Cela compte beaucoup pour moi. Peu de personnes connaissent la Zambie, donc l’enjeu de ce jury est encore plus grand pour moi. En plus de mettre mon pays en avant, j’ai un peu l’impression de représenter le continent africain dans sa globalité donc la dimension est encore plus grande.

Quels sont vos références au cinéma ? Qu’est-ce qui vous inspire ?

J’ai des goûts très occidentaux en matière de films. J’aime beaucoup Paul Thomas Anderson. Il y a aussi les classiques avec, Stanley Kubrick par exemple. Et Ruben Östlund est également l’un de mes cinéastes préférés.

Vous avez-eu l’occasion de le lui dire ?

Non surtout pas, je n’ai pas envie de passer pour une groupie !

Il y a 14 ans, vous réalisiez les courts-métrages 20 Questions et The List. Quels conseils donneriez-vous à la Rungano Nyoni de 2009 ?

Je pense que c’est elle qui devrait me prodiguer des conseils. Les jeunes cinéastes prennent plus de risques : ils investissent leurs économies personnelles dans leurs tournages et osent plus de choses. Avec les années, cette audace s’atténue inévitablement car au fil des succès, d’autres personnes commencent à investir de l’argent dans votre travail, cela nous fait sentir redevable. Le projet n’appartient plus uniquement à nous, il faut composer avec de plus en plus de personnes, donc les prises de risque se font moins nombreuses. La Rungano Nyoni de 2009 me conseillerait sûrement d’être plus audacieuse dans mes projets.

Quelle est votre étape préférée dans le processus de création d’un film ?

J’ai une relation d’amour/haine avec le processus d’écriture d’un film. J’adore m’isoler pour écrire. Je travaille mieux quand il n’y a personne autour de moi, quand il n’y a pas d’interférences avec le monde extérieur. Le plus compliqué pour moi est l’après, quand il faut confronter le fruit de ce travail au reste de l’équipe du film. C’est pour cela que l’écriture peut être à la fois la meilleure et la pire des choses.

Pouvez-vous nous parler de votre expérience à la Résidence du Festival ? Quel souvenir en gardez-vous ?

C’était incroyable. Je me suis retrouvée avec cinq autres jeunes cinéastes très talentueux, c’était un peu intimidant. Nous avions rencontré beaucoup de monde et notre groupe était très soudé : c’était comme être en colonie de vacances. Tout allait très vite et cette équipe m’a permis de garder la cadence.

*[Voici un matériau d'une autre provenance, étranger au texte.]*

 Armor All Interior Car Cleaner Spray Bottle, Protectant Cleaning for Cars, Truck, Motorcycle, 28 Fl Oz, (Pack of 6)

Je me réveillais tous les matins en voyant le logo du Festival de Cannes, c’était envoûtant. Nous faisions beaucoup d’activités culturelles pour développer notre réflexion critique dans tous les domaines. C’était une façon pour nous de nourrir notre cinéma autrement.

Vous êtes née en Zambie, vous avez fait vos études à Londres et vous vivez à Lisbonne… En quoi ces étapes de votre vie, ces zones géographiques, nourrissent-elles votre cinéma selon vous ?

Le choix de ces lieux de vie a été bien plus souvent le fruit d’un pragmatisme que d’une envie d’inspiration artistique. Je suis partie vivre au Royaume-Uni pour suivre ma mère dans ses études. J’ai ensuite déménagé à Londres pour devenir réalisatrice de films, puis je me suis installée à Paris. Ces villes et ces pays sont très inspirants, mais pas autant que Lisbonne, où j’arrive à écrire sans penser à rien. Bientôt, je déménage en Bretagne. Peut-être que mes prochains films seront influencés par cette région !

Quel est votre souvenir le plus marquant de projection en salle ?

C’était une séance pour Le Ruban Blanc, de Michael Haneke. Sur l’instant, je n’avais pas du tout apprécié, j’avais trouvé le film très prétentieux. Puis les images sont restées dans ma tête, elles m’ont possédée. Au bout d’une semaine, j’étais tombée amoureuse de l’œuvre, qui a d’ailleurs obtenue la Palme d’or en 2009. C’est aujourd’hui l’un de mes longs-métrages préférés. Il est comme gravé dans ma tête, c’est une sensation très étrange que je n’ai eue qu’avec peu de films.

Pouvez-vous nous parler de votre prochain film, On Becoming a Guinea Fowl ?

Le montage est presque fini. Je suis à la croisée des chemins avec ce nouveau long-métrage. Si tout se passe bien, des gens pourront le voir prochainement.